Per the GlobeNewswire release and reporting, Scaled Cognition's flagship model is APT (Agentic Pretrained Transformer). The press release characterizes APT as delivering conversational quality comparable to leading LLMs while reducing hallucinations, offering "policy-adherent performance," and being smaller, faster, and less expensive than frontier models. The release also describes the company platform as including agentic tooling, live agent monitoring, and simulation and evaluation frameworks, and notes availability for VPC and self-hosted deployment.

The Wall Street Journal quoted CEO Dan Roth describing frontier models as "amazing," but "sort of like schizophrenic geniuses," per coverage by The Next Web. The GlobeNewswire release quotes Roth: "We spent years trying to apply AI to business applications and found it was essentially impossible to make these systems reliable."

Technical details

Per the company press release, APT is presented as an architecture-built approach to reliability rather than a safety wrapper layered on an existing frontier model. The release claims APT provides "Super-Reliable Intelligence," and is optimized for enterprise constraints such as lower compute cost and self-hosting options. News coverage by The Next Web and FinSMEs repeats those product and deployment claims as reported by the company. CTO and co-founder Dan Klein, a UC Berkeley professor of AI who previously co-founded and sold an agentic AI company to Microsoft, told The Next Web: "Reliability is engineered into the architecture of our models, not bolted on after the fact. If you want AI to take real actions on behalf of customers, that's the problem you have to solve."

Industry context

Editorial analysis: Companies marketing "hallucination-free" models are responding to an acute enterprise barrier to adoption, especially in regulated verticals. Observed patterns in similar transitions show buyers and integrators prioritize architectures that enable verifiable correctness, audit trails, and on-prem or VPC deployment options, because external API dependence and opaque failure modes complicate compliance and remediation.

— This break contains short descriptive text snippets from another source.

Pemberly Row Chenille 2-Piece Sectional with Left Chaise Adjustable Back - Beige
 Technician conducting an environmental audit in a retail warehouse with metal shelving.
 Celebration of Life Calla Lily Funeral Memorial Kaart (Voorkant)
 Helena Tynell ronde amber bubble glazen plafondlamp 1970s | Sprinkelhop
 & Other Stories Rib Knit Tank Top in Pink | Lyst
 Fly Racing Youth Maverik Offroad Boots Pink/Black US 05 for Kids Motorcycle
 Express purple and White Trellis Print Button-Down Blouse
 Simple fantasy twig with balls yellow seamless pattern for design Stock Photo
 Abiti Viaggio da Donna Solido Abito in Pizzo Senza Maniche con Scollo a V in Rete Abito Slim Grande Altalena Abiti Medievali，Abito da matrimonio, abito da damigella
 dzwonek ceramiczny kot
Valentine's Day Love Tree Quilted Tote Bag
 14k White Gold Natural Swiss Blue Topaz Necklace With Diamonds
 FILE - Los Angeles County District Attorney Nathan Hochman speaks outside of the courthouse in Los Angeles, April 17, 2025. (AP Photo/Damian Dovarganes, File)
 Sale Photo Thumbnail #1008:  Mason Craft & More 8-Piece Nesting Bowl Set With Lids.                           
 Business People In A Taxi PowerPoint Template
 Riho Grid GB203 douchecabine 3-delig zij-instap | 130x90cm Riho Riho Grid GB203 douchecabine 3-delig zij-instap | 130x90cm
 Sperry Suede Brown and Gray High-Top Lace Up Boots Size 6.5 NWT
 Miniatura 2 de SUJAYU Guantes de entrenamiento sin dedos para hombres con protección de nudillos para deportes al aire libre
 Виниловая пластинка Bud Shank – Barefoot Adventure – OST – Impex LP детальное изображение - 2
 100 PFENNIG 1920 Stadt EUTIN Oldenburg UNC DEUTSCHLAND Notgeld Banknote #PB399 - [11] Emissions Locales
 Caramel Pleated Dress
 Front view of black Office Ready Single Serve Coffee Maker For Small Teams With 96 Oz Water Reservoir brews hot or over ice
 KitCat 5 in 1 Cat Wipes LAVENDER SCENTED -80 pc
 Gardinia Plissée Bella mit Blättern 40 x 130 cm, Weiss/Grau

Editorial analysis: Financial services, healthcare, telecom, and insurance, the sectors named in the press release, have lower tolerance for unverifiable outputs. Vendors that combine monitoring, simulation-based evaluation, and smaller, auditable models can shorten procurement cycles compared with purely frontier-model dependent offerings.

What to watch

Editorial analysis: Observers should track independent benchmarks and red-team results for APT, adoption case studies from the named verticals, and whether third-party audits confirm reduced hallucination rates. Also watch for technical disclosures from Scaled Cognition or peer-reviewed publications that explain the architectural differences underlying APT versus mainstream LLMs.

Editorial analysis: Funding of this size at Series A, led by a top-tier VC, increases the likelihood of rapid hiring and partnerships; practitioners should follow open-source artifacts, evaluation suites, or published APIs that would enable direct comparison with existing models.

Key Points

  • 1Scaled Cognition raised **$100 million** Series A led by Khosla Ventures, targeting enterprise reliability and wider deployments.
  • 2The company markets `APT` as an architecture-first model claiming reduced hallucinations and VPC/self-hosting options for regulated industries.
  • 3Industry context: purchasers in finance, healthcare, telecom, and insurance favor verifiable, auditable models and monitoring over opaque frontier-API dependence.

Scoring Rationale

A **$100 million** Series A led by Khosla Ventures is notable for enterprise AI funding and signals investor conviction in reliability-focused model architectures. The story matters to practitioners evaluating vendor claims and deployment trade-offs, though it stops short of a benchmarked technical breakthrough.